Retrieve metrics for one or more Cloud Spanner Instances
Home
·
Poller component
·
Scaler component
·
Forwarder component
·
Terraform configuration
·
Monitoring
- Table of Contents
- Overview
- Configuration parameters
- Metrics parameters
- Custom metrics, thresholds and margins
- Example configuration for Cloud Run functions
- Example configuration for Google Kubernetes Engine
The Poller component takes an array of Cloud Spanner instances and obtains load metrics for each of them from Cloud Monitoring. This array may come from the payload of a Cloud PubSub message or from configuration held in a Kubernetes ConfigMap, depending on configuration.
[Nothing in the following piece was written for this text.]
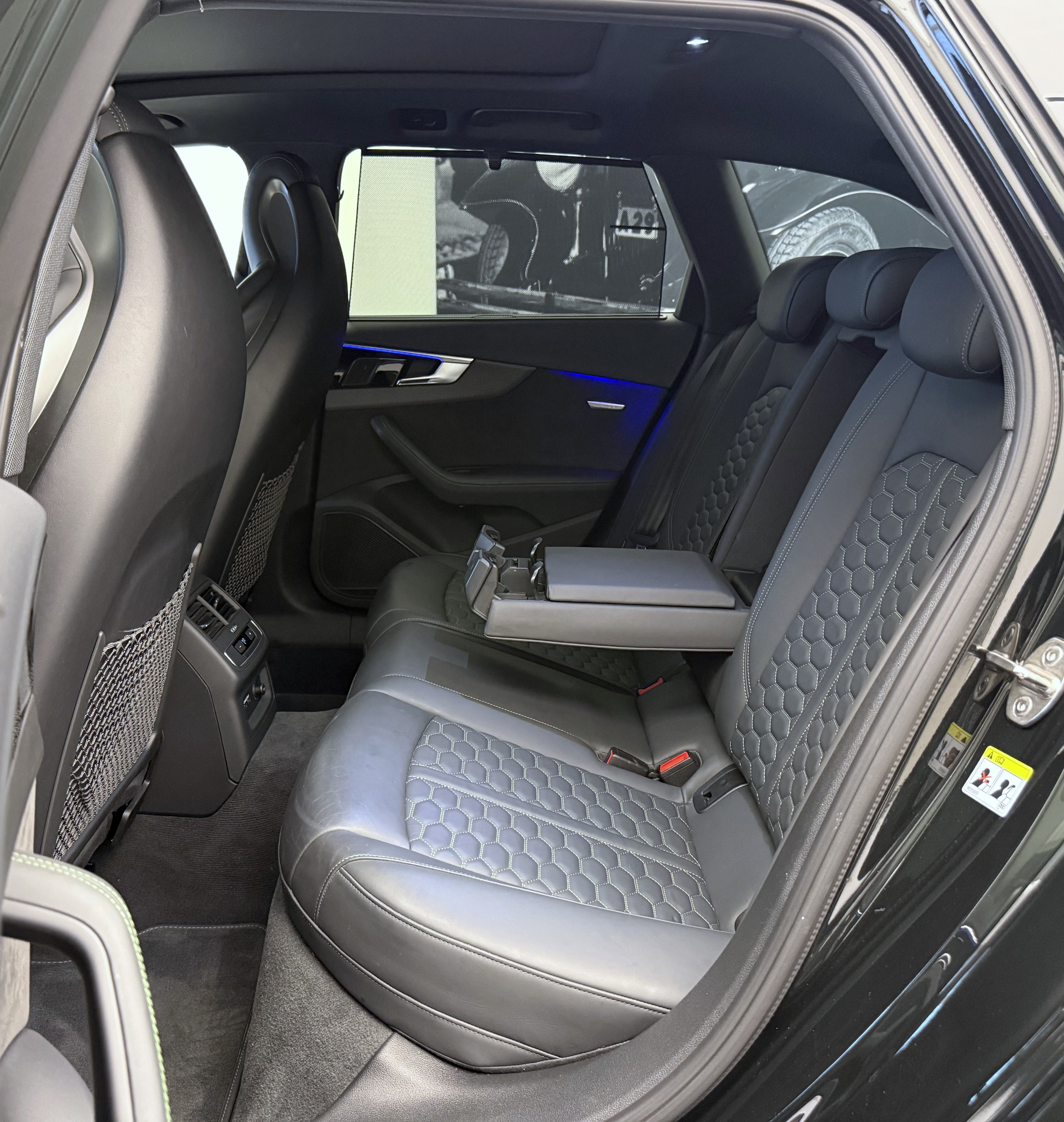 listing desktop thumbnail image 23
Then for each Spanner instance it publishes a message via the specified Cloud PubSub topic or via HTTP, which includes the metrics and part of the configuration for the Spanner instance.
The Scaler component will receive the message, compare the metric values with the recommended thresholds, plus or minus an allowed margin, and if any of the values fall outside of this range, the Scaler component will adjust the number of nodes in the Spanner instance accordingly. Note that the thresholds are different depending if a Spanner instance is regional or multi-region.
The following are the configuration parameters consumed by the Poller component. Some of these parameters are forwarded to the Scaler component as well.
In the case of the Poller and Scaler components deployed to Cloud Run functions, the parameters are defined using JSON in the payload of the PubSub message that is published by the Cloud Scheduler job. When deployed to Kubernetes, the configuration parameters are defined in YAML in a Kubernetes ConfigMap.
See the configuration section in the home page for instructions on how to change the payload.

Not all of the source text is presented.